If you made a mistake and the edge is ragged, for instance, draw a loop around it, from one edge of the selection to the next. Keep doing that until the selection is neat. You’ll soon get the hang of it. If you simply can’t correct it, or it’s taking too long, right click anywhere on the image to delete it. Then, simply start again.
Step 3 Adjust Depth of Field
With your selection wrapped it’s time for PSP to make a mask, but before you stop there, this is the easy (and definitely fun) part. From the main menu, select Adjust > Depth of Field…
This command opens a new adjustment window, showing before and after previews and if you’ve got the Preview on Image box checked, you’ll be able to see the effect on the image in the main editor window.

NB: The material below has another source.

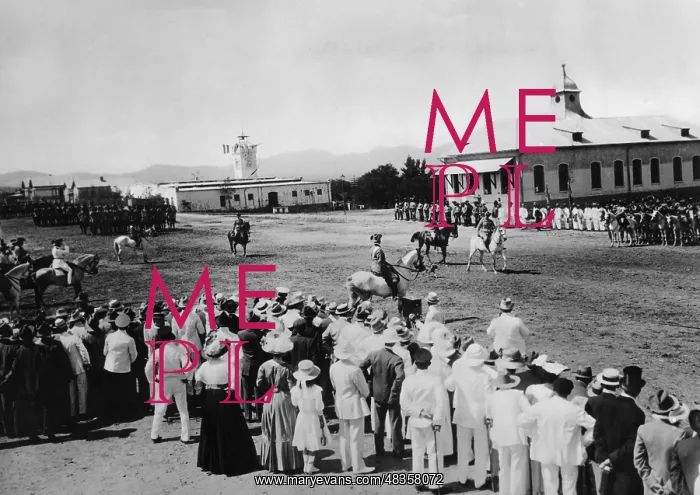 : Parade in Windhoek, 1912 : Parade in Windhoek, 1912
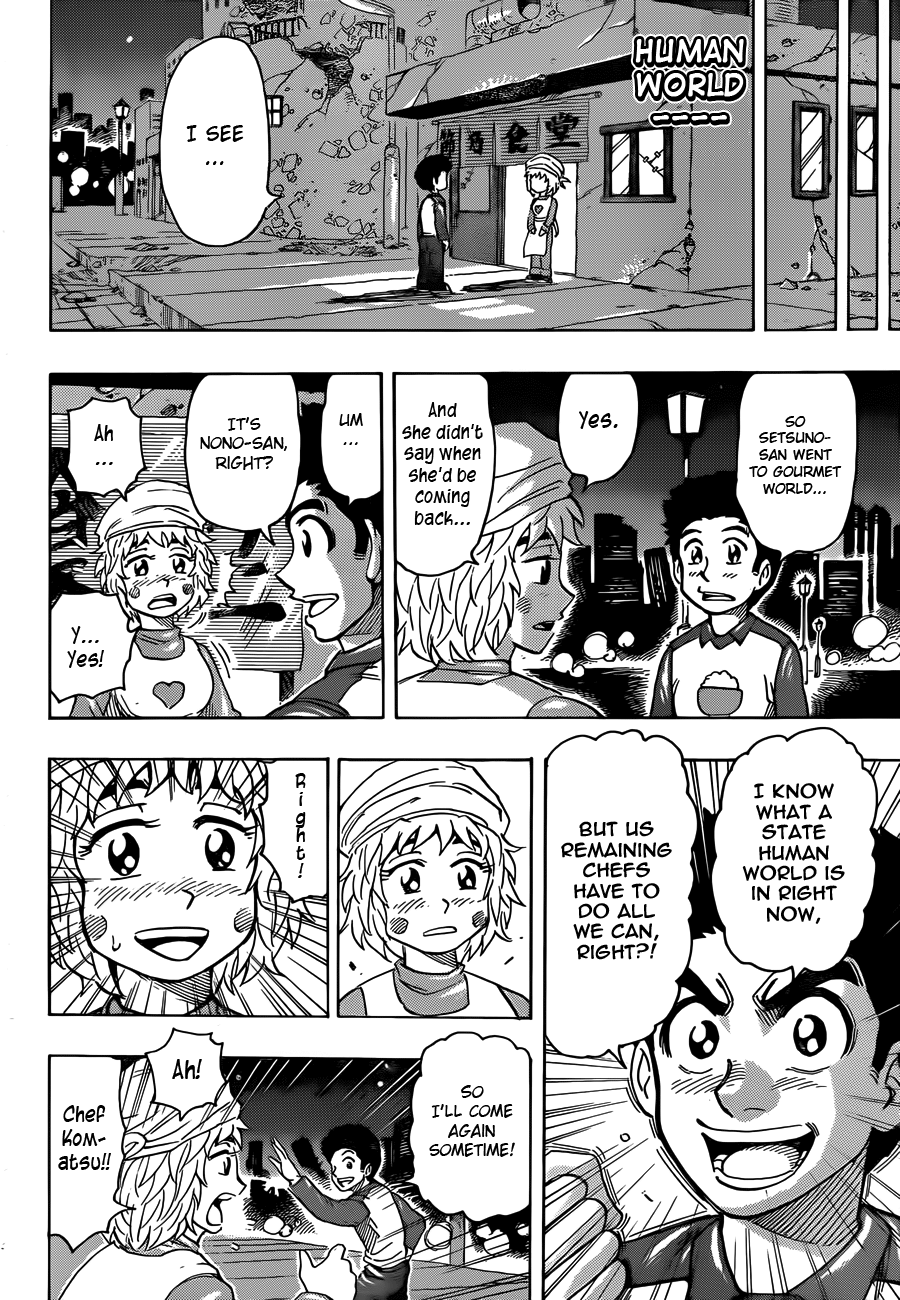 Halaman dari TORIKO Chapter 269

The trick here is not to overdo the Blur; I’ve selected an intensity of just 6 percent. If you have the intensity too high it’s just not realistic. You’ll need to keep the feathering low too. I’ve selected 6 percent again, but you’ll need to experiment to get it right for the image you are using. If it’s too high, or you’ve a narrow selection, you’ll find the image is blurred throughout. That’s not what you’re aiming for. I’ve increased the Focus range by ramping up the slider to the right but it seems to have very little effect on a small selection. Still, it all helps. Click OK when you’re happy. And, then Right click the image to remove the selection. That’s an important step.
Step 4 Adjust Saturation…
To make the image slightly unrealistic now, but definitely more miniature-like, we’re going to adjust the saturation. From the main menu, select Adjust > Hue and Saturation > Hue/Saturation/Lightness…or, if you prefer the shortcut, choose Shift+H.

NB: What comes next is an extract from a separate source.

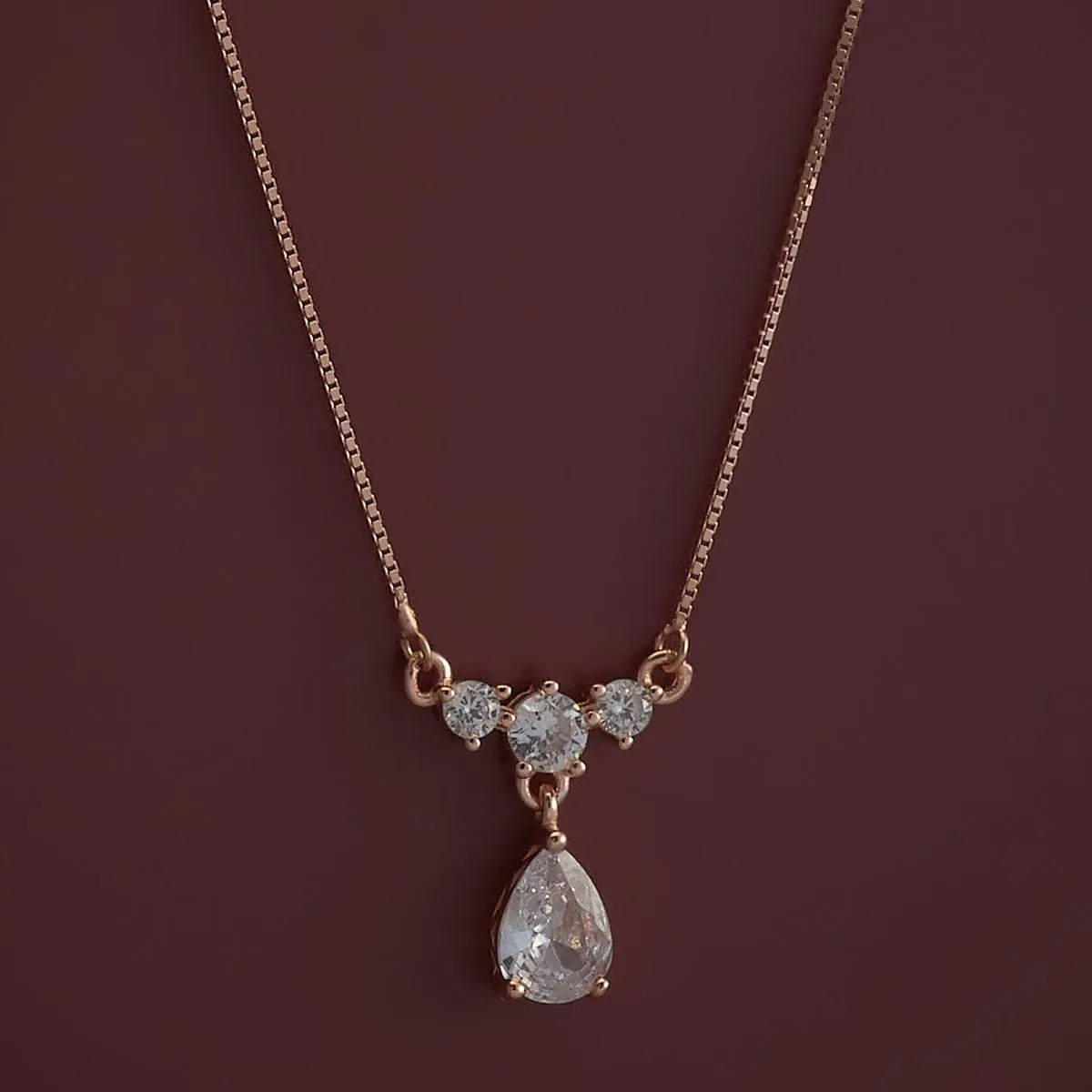 92.5 Silver Necklace 182971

The HSL window opens. You can preview before and after images again, or preview the effect on the main image. I’ve inched the Saturation slider up 30 points, but it’s something you’ll need gauge by eye. I’ve left both Hue and Lightness untouched. Click OK when you’re done.
Step 5 Sharpen to taste…
In our final step, all we need do now is add some sharpening. If you’re unsure about the various sharpening techniques for different subjects, simply head to Adjust > Sharpness > Sharpen More while observing the effect at 100 percent actual pixels.

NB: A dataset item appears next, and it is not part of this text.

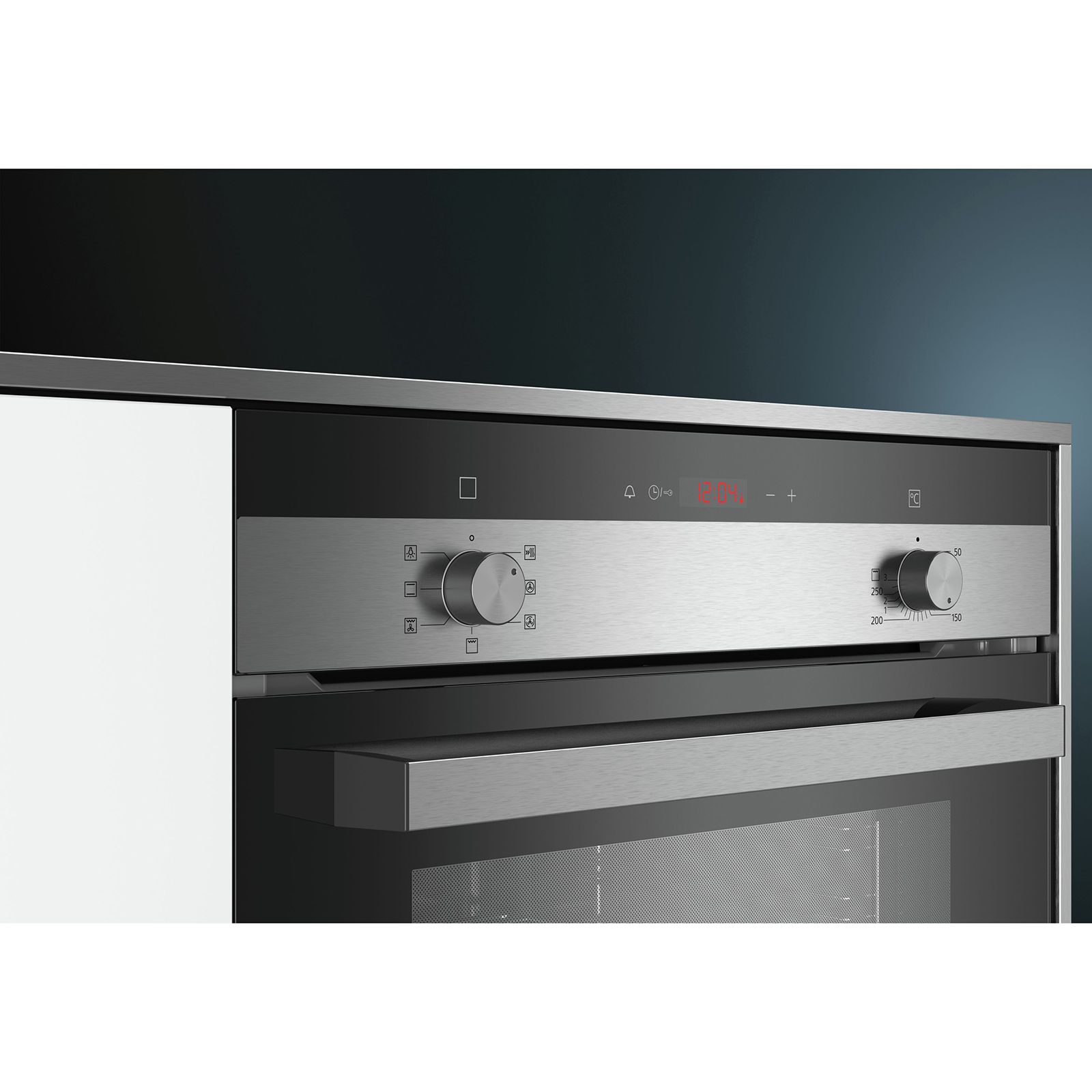 SIEMENS Einbaubackofen-Set EQ112EA01Z - A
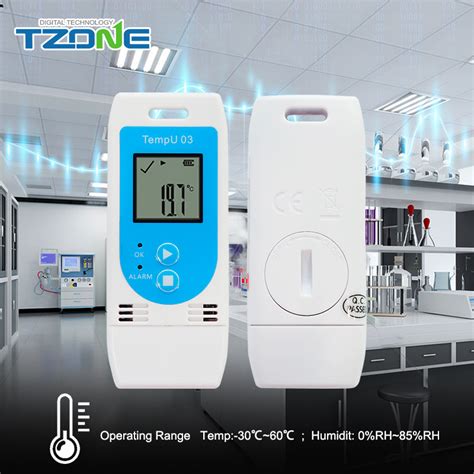 Tzone Tempu03 Data Logger For Temperature And Humidity Recorder Multi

To do this, click on the Pan tool in the Tools palette, and then from the Tools Options palette, click the 1:1 icon, Actual size. Now pan to the area of interest (the subject or centre of the image). If you feel it needs more sharpening repeat the command (Adjust > Sharpness > Sharpen More).
If, however, you feel confident using the Unsharp Mask filter (and PSP has an excellent USM tool with before and after previews) then from the main menu, select Adjust > Sharpness > Unsharp Mask… Remember, we’re trying to make this look slightly surreal, so we must be fairly heavy with the sharpening, but we must also try to avoid artifacts, such as unsightly noise and halos.
Invoking the Unsharp Mask command will reveal a new window, and if the Before and After previews aren’t shown, click on the little pull-down Preview arrow, top left. Check the Preview on Image box too, so you get an overview. As a guide, in the Radius box, anywhere between 1 and 2.0 pixels will suffice, set Clipping between 3 and 8 (lower being more intense). This then leaves you to adjust the Strength by eye between 100 to 150, depending on the image. Click Okay when you’re done, then Save, or Save As… to make a copy. And that is it; you’ll be left with an image imitating that vaunted Tilt & Shift look.